Per l'iniziativa "Estate 2018: Leggiamo italiano" ho incontrato l'autore del più incredibile e paradossale hard-boiled di questa stagione!

Per chi non ti conoscesse, chi è Stefano Santarsiere e quale cocente passione muove uno scrittore come te?

Sono un appassionato di storie, da ascoltare, leggere, da vedere in un film, e ovviamente da raccontare. Se mi chiedi di andare all’origine di tutto questo mi ritrovo all’istante ragazzino, un pomeriggio d’estate, davanti alla televisione a guardare La notte del demonio di Jacques Tourneur. Mi ricordo del protagonista che si aggira nella biblioteca del BritishMuseum, completamente deserta, alla ricerca di un libro sul paranormale. Ricordo il brivido che provai al pensiero di inventare da me storie come quella, con un bel po’ di mistero e tanta azione. Se emozionano me, pensai, deve essere lo stesso per tanti altri.

E così produssi i miei primi esperimenti di narrativa, scritti a penna sui quaderni delle medie, che ancora conservo.

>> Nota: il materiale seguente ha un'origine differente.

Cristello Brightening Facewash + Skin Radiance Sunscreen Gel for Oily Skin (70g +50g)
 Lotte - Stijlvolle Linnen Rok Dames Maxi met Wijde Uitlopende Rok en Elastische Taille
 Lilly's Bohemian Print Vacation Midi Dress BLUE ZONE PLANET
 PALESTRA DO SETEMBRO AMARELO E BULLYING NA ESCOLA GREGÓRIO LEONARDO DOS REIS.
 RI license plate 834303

Sono passati più di trent’anni, ma non è diverso. Non ho ancora cessato di sperimentare e per scrivere devo avvertire per primo l’entusiasmo da trasmettere al lettore.

Questo giugno la Newton Compton porta in libreria il tuo "Il mistero della reliquia dimenticata", in cui già solo la trama merita un applauso. Cosa puoi raccontarci di quest'incredibile romanzo?

È un hard-boiled in salsa lucana, raccontato attraverso gli occhi di Lucio Lobello, un trentacinquenne dedito al Glenlivet e allo shabu, una droga anfetaminica. Ciò che rende particolare questo personaggio è che dice di essere il Diavolo, Satana in persona, che preferisce ciondolare sulla terra a godersela insieme agli uomini piuttosto che annoiarsi all’Inferno.

Ritiene di aver vagato sul pianeta negli tre ultimi millenni, sempre più depresso per l’inutilità del suo ruolo di Tentatore e per l’esito scontato (poiché già deciso nelle Sacre Scritture) del confronto con Dio: ma è il lettore che deve decidere se credergli o no. Quattro arcangeli furiosi sono da tempo sulle sue tracce (o si tratta di malviventi a cui Lobello deve dei soldi?) e inoltre un oscuro avversario sta per fare la sua comparsa: un serial killer, che semina la campagna di cadaveri secondo un preciso rituale religioso. Per una serie di circostanze Lobello finisce in cima alla lista dei sospettati e sarà l’alleanza con un prete (guarda caso) ad aiutarlo.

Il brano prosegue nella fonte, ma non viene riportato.